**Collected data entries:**
────────────────
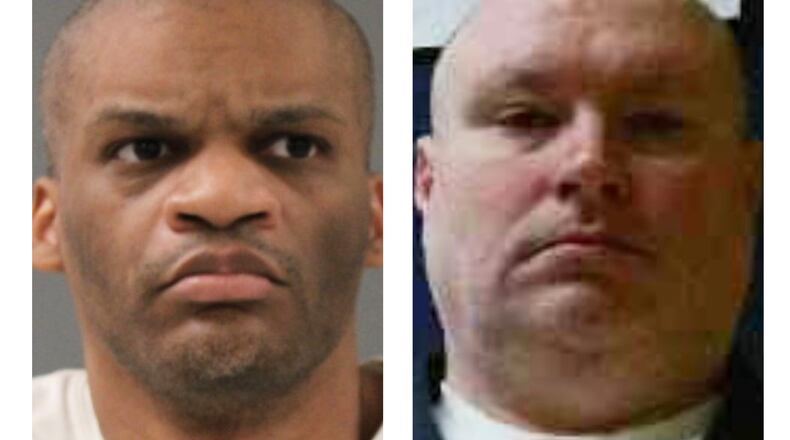 This combination of photos provided by the Texas Department of Criminal Justice and Georgia Department of Corrections shows LeJames Norman, left, and Stacey Humphreys, right. (Texas Department of Criminal Justice/Georgia Department of Corrections via AP)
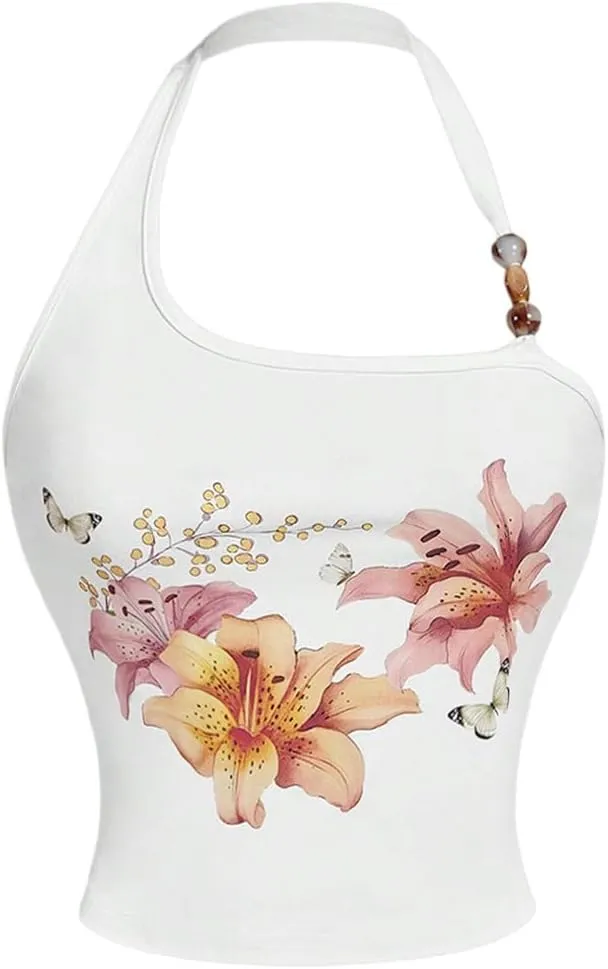 Milumia Women's Beaded Floral Backless Halter Top Asymmetrical Sleeveless Y2k Tops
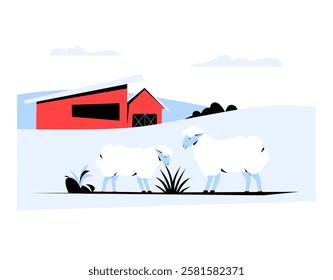 Two Sheep Grazing On A Farm In Flat Vector Illustration Symbolizing Agriculture, Livestock Farming, And Rural Landscape, Isolated On White Background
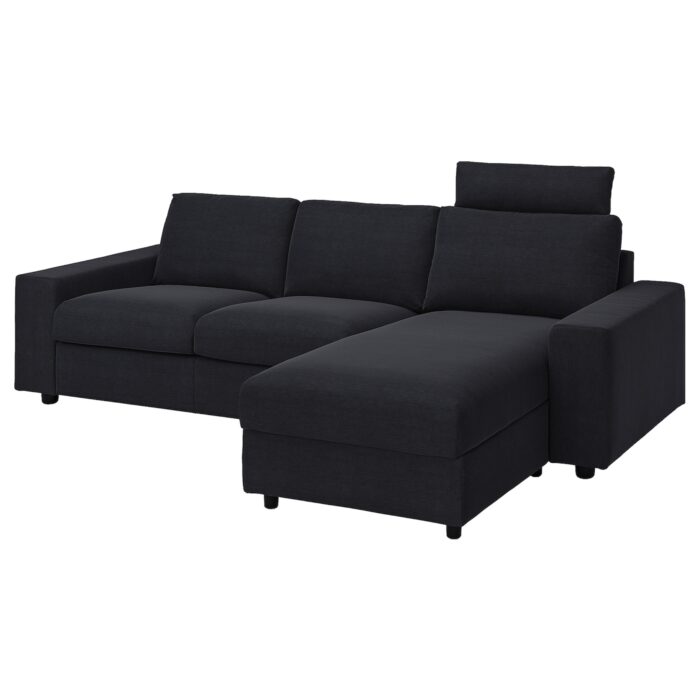 VIMLE Divano a 3 posti con chaise-longue - con poggiatesta con braccioli larghi/Saxemara blu-nero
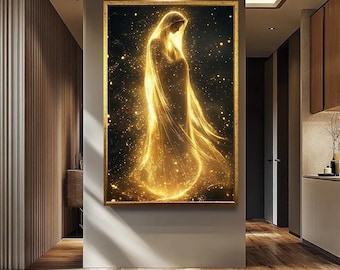 Virgin Mary Wall Art - Ethereal Mother Mary in Golden Light of Devotion - Religious Spiritual Decor for Catholic Homes and Gifts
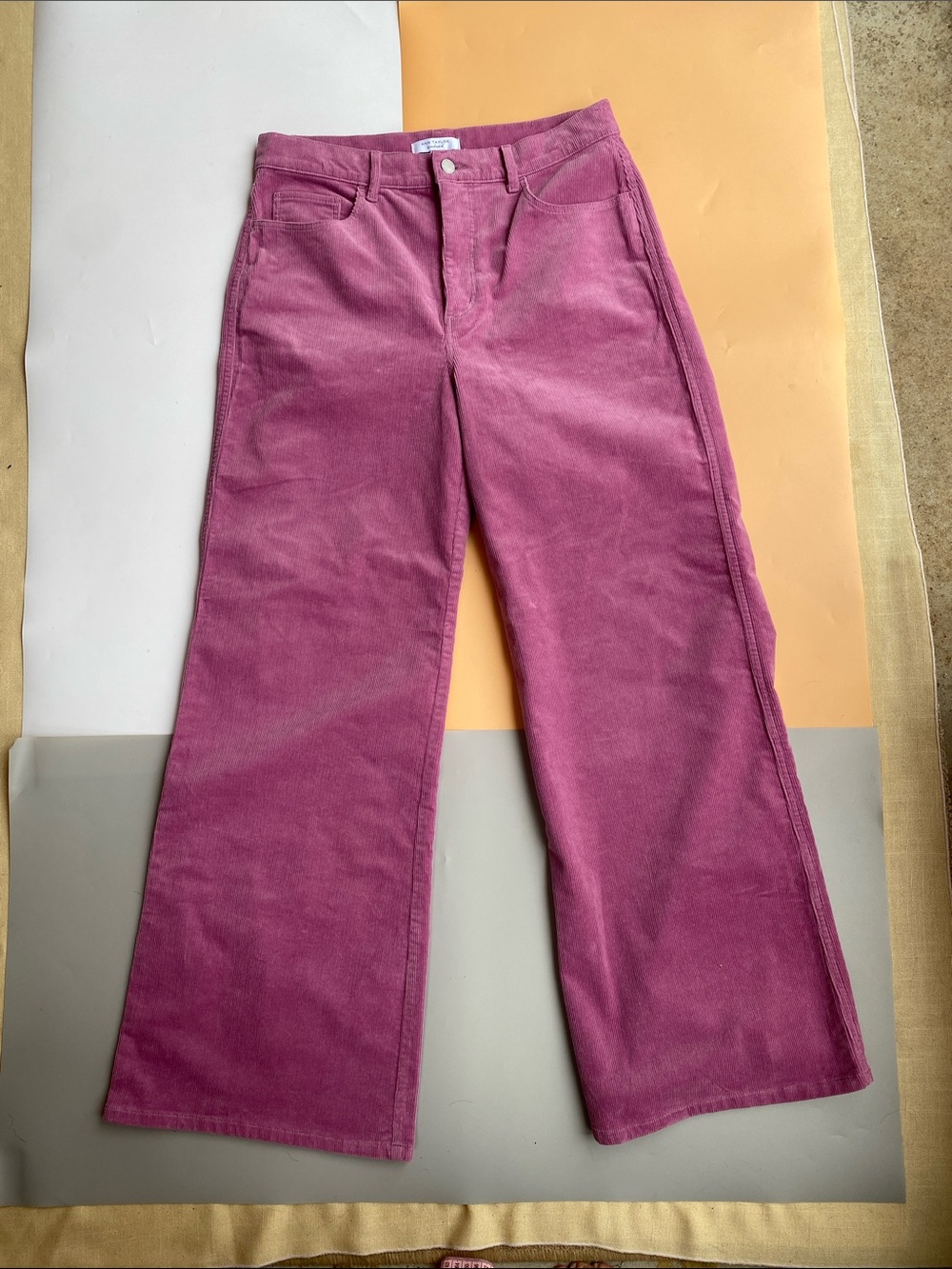 Ann Taylor Wide-Leg Corduroy Pants in Berry Pink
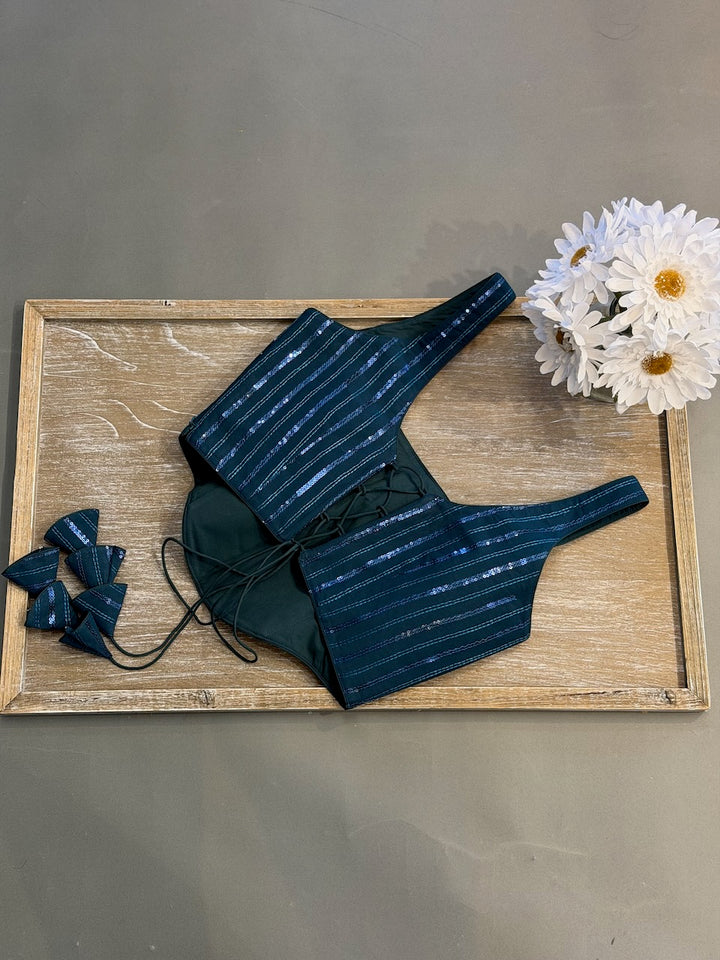 Dark Teal Corset Blouse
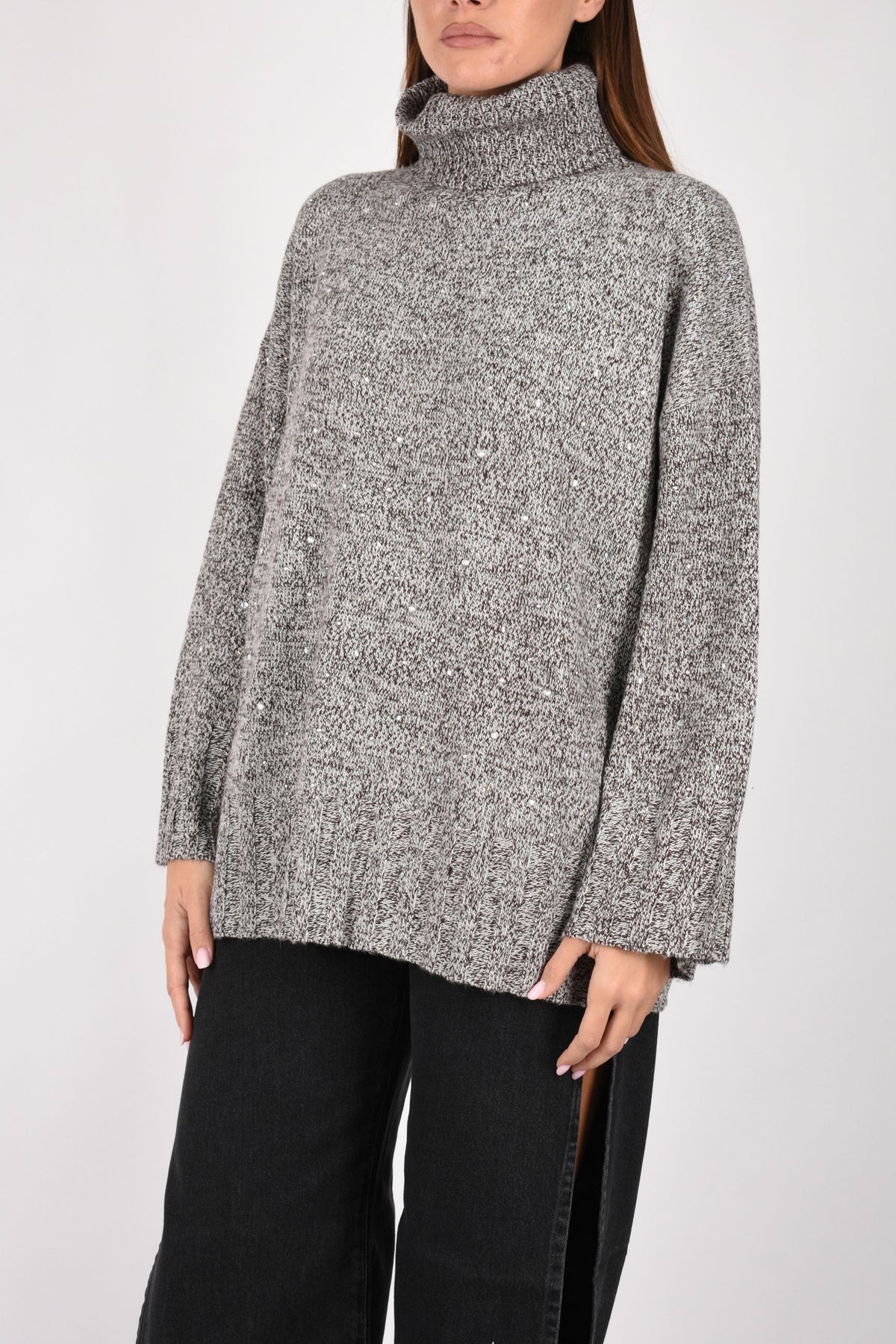 Maglione dolcevita in misto lana full strass 107337A3GD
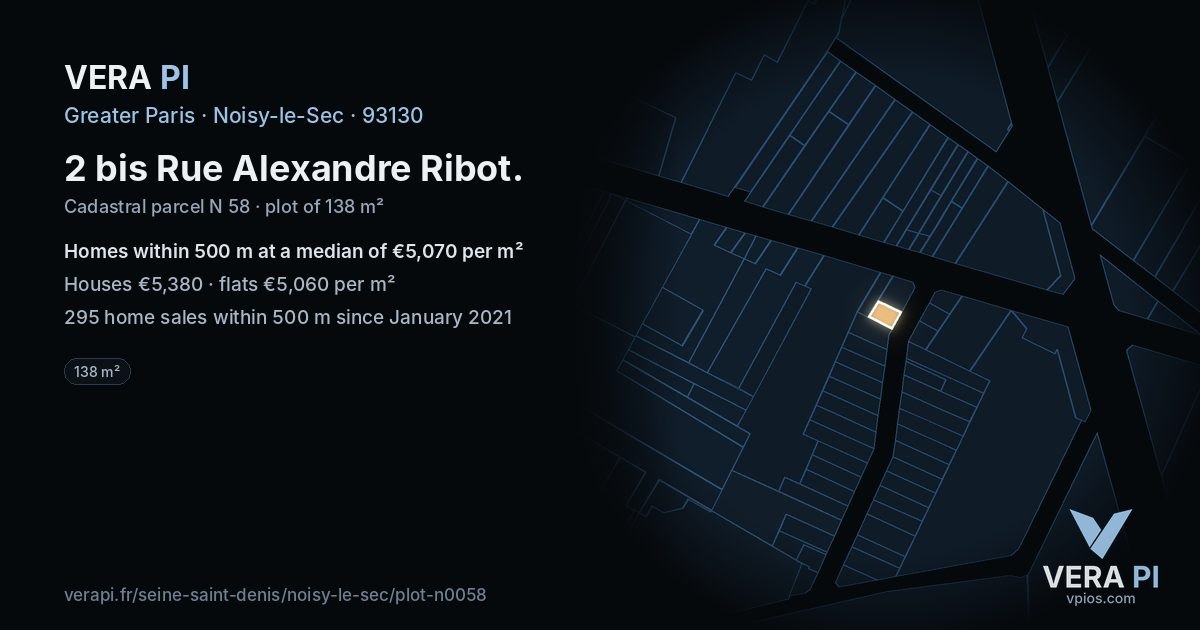 2 bis Rue Alexandre Ribot, Noisy-le-Sec at night – the plot lit, the parcels around coloured by the prices near them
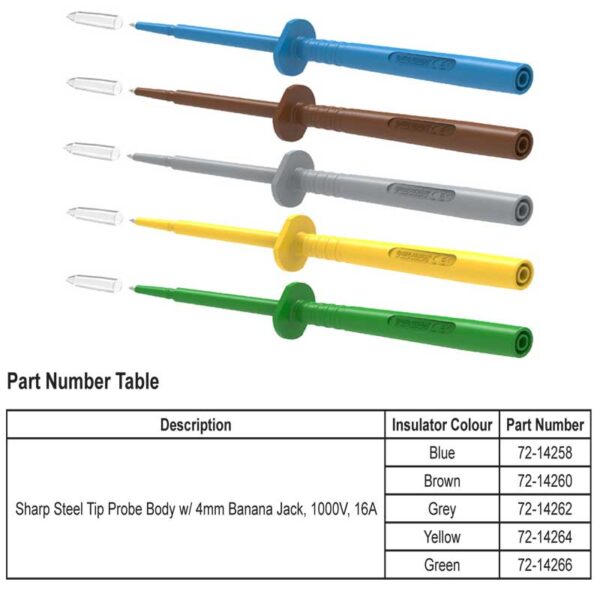 4mm Banana Test Probes 16A Needle Connector, 1KV, Yellow, Multifunction Use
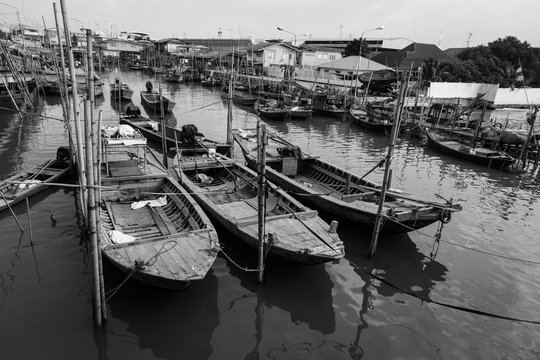 Traditional fisherman boat in Thailand in black and white format.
────────────────
**WHAT THE TASK ASKS:**
Both ends included, copy word for word the lines from the top of the entries above through the line with "Milumia Women's Beaded". No pictures.

**OUTPUT FOR THIS EXERCISE:**
 This combination of photos provided by the Texas Department of Criminal Justice and Georgia Department of Corrections shows LeJames Norman, left, and Stacey Humphreys, right. (Texas Department of Criminal Justice/Georgia Department of Corrections via AP)
 Milumia Women's Beaded Floral Backless Halter Top Asymmetrical Sleeveless Y2k Tops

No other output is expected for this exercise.